Gianfranco grida per superare il rombo delle onde: “ Decidi, tra una decina di metri siamo al punto di non ritorno! “Ok urlo, attaccati bene”.!

Dò tutto gas vedendo un’onda che sta per giungere in entrata e la barca si arrampica sull’onda e scivola veloce contro la prossima, che già è fuori dal fondale basso e sabbioso. Il pericolo di battere la pinna contro il fondo e far traversare la barca con la sua rovinosa perdita e probabilmente il nostro annegamento, che è stato annullato dall’esperienza e soprattutto da un po’ di coraggio . I pescatori non sarebbero usciti con quelle onde, perché i loro pescherecci non possono fare queste velocissime accelerate con il loro enorme peso. Dopo due giorni giungiamo al cantiere di Marina di Ravenna attracchiamo nella notte guidati dalla voce del capocantiere con il VHF, la radio trasmittente e ricevente in dotazione a qualsiasi barca o nave. E’ stato il trasferimento di poche miglia, circa 6oo, (1000Km) il più lungo per i tempi morti. Tanti giorni, quanto una traversata atlantica.
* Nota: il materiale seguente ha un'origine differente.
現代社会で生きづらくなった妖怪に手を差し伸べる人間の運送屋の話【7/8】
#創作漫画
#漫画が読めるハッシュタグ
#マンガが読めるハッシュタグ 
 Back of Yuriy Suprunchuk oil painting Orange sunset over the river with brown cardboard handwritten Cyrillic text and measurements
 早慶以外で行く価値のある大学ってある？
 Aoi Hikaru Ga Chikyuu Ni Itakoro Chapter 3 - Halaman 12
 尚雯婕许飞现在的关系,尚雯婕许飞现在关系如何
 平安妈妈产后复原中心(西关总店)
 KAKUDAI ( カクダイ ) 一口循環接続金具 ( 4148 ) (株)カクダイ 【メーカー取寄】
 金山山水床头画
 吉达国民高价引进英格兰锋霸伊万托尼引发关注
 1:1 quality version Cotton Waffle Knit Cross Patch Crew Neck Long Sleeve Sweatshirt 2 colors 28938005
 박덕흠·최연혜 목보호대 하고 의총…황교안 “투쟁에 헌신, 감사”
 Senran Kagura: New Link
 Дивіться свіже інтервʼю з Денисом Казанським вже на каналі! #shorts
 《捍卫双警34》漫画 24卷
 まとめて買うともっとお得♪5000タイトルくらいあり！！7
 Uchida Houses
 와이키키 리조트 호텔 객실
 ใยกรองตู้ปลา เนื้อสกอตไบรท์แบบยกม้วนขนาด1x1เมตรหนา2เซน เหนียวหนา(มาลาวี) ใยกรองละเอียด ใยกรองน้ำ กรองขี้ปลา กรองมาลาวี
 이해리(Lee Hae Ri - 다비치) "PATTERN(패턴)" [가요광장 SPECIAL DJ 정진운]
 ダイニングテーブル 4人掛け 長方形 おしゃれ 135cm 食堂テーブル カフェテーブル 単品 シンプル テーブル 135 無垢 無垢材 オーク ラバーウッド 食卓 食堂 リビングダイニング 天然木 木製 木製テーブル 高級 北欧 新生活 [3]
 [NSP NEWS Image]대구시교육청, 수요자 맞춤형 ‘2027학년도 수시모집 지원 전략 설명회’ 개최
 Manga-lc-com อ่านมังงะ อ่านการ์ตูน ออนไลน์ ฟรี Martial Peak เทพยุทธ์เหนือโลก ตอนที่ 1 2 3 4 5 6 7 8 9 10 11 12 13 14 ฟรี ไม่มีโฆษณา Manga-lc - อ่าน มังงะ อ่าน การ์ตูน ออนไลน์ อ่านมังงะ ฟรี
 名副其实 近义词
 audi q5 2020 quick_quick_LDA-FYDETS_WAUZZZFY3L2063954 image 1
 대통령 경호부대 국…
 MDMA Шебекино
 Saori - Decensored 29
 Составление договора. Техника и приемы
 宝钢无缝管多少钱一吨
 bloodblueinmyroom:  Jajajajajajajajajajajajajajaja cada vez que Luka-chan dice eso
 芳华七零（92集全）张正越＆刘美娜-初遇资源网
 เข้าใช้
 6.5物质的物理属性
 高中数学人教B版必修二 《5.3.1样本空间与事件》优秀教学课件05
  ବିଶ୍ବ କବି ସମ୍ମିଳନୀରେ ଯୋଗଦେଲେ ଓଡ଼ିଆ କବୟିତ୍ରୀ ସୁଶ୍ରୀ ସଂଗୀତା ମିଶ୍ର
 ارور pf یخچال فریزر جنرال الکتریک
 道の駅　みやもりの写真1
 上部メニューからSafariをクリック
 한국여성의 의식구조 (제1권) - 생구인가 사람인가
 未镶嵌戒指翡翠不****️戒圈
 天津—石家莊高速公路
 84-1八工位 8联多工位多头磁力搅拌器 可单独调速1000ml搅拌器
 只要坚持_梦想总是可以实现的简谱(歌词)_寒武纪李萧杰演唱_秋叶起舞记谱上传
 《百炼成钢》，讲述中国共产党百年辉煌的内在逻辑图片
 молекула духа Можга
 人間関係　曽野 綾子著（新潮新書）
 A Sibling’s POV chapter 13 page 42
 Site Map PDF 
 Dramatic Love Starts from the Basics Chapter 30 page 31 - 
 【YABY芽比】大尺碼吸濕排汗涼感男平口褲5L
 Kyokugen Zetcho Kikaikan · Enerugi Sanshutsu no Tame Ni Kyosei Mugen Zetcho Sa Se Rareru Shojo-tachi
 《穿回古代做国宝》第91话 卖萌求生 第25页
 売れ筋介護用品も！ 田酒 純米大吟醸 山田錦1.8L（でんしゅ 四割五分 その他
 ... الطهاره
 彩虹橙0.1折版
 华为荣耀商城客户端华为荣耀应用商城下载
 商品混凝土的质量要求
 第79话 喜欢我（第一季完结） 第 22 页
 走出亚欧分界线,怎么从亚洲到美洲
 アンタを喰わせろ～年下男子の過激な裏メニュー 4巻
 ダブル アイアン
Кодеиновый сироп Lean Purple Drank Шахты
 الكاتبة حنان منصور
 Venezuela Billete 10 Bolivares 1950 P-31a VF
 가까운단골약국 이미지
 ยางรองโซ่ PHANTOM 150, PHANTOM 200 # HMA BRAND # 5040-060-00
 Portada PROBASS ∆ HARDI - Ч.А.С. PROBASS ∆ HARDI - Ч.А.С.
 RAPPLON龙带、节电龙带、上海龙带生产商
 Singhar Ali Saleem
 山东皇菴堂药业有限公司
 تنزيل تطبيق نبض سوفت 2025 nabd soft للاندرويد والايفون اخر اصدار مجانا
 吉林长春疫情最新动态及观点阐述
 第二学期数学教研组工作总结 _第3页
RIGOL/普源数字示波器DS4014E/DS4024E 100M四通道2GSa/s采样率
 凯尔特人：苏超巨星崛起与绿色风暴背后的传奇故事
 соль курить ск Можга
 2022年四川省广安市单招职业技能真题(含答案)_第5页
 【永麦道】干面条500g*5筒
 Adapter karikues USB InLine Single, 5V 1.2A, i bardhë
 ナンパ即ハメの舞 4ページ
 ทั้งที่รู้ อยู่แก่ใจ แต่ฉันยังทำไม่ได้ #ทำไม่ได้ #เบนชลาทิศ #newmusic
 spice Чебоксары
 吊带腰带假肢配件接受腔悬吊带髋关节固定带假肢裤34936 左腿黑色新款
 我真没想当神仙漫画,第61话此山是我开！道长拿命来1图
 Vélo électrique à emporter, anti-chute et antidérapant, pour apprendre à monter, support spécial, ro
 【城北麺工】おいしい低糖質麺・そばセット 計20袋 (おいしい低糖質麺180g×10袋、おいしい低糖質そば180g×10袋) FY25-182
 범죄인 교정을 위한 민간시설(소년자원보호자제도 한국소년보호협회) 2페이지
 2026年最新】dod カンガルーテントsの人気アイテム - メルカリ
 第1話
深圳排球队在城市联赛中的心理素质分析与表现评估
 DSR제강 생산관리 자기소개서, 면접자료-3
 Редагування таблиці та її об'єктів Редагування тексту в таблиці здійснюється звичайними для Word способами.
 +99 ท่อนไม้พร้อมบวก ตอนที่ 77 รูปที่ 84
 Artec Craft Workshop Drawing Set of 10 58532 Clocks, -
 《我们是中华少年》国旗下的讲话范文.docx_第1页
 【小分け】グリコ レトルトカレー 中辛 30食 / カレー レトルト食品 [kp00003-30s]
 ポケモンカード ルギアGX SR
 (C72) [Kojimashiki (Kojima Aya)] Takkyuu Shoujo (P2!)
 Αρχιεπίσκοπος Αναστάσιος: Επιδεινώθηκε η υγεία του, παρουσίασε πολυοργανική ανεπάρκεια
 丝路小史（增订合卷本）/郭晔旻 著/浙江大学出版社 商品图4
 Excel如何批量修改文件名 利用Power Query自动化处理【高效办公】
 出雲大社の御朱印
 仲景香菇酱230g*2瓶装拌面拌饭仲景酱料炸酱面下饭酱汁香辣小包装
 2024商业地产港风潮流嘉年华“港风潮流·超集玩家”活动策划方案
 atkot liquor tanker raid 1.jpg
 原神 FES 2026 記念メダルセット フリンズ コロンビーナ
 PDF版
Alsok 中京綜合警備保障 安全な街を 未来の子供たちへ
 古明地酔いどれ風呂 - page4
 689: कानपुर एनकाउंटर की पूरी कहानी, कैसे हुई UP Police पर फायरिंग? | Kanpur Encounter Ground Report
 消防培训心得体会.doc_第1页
GENTE CHE VIVE IN BARCA (vari personaggi)

Ci sono migliaia di persone che lo fanno e non sono tutti ricchi o in pensione. Negli anni in cui navigavo come skipper trasferendo le barche a vela, ho incontrato un arcobaleno di giramondo: ventenni e ottantenni, poveri e ricchi, coppie etero e gay, intere famiglie, con tanto di gatto o cane. La mia amica Nancy che vive in Australia ha cinque figli a bordo, tre dei quali sono nati in barca. Ormai non mi stupisco più quando incontro bambini e ragazzi che non sono mai andati a scuola ma hanno un bagaglio culturale da far invidia. Oltre alla mamma/maestra, questi giovani imparano dal mare, dagli animali, da persone che spesso non parlano la loro stessa lingua. Stando con loro mi stupisco sempre della loro maturità. Sono responsabili, autonomi e lavorano duro. Scalzi, abbronzati, sani e sorridenti. Sono anche molto intraprendenti, organizzano giochi e feste a riva, scrivono articoli per il giornalino locale, costruiscono una capanna e la battezzano “circolo nautico”. Due bambini che ho conosciuto si guadagnano la paghetta mensile vendendo conchiglie o sassi dipinti. Un giorno hanno guadagnato addirittura 73 dollari che hanno investito portando i genitori a cena fuori!

Altro esempio raccolto, da due pensionati.

Dal punto di vista finanziario è molto più facile sopravvivere in mare che a terra. Non ci sono bollette, tasse, bolli da pagare. Noi due per esempio viviamo con 800 euro al mese, mantenimento della barca incluso. Alcuni spendono molto di più, altri molto di meno. Chi è in pensione generalmente non ha problemi, i giovani invece devono essere intraprendenti. C’è chi vende o affitta il proprio appartamento, molti lavorano via internet, altri ancora di tanto in tanto lavorano in porto. Molti lavorano per sei mesi per poi viaggiare l’altra metà dell’anno. Non posso negare che l’instabilità finanziaria sia una componente di questo stile di vita. Ma è una scelta. Se vuoi la libertà, accetti l’instabilità.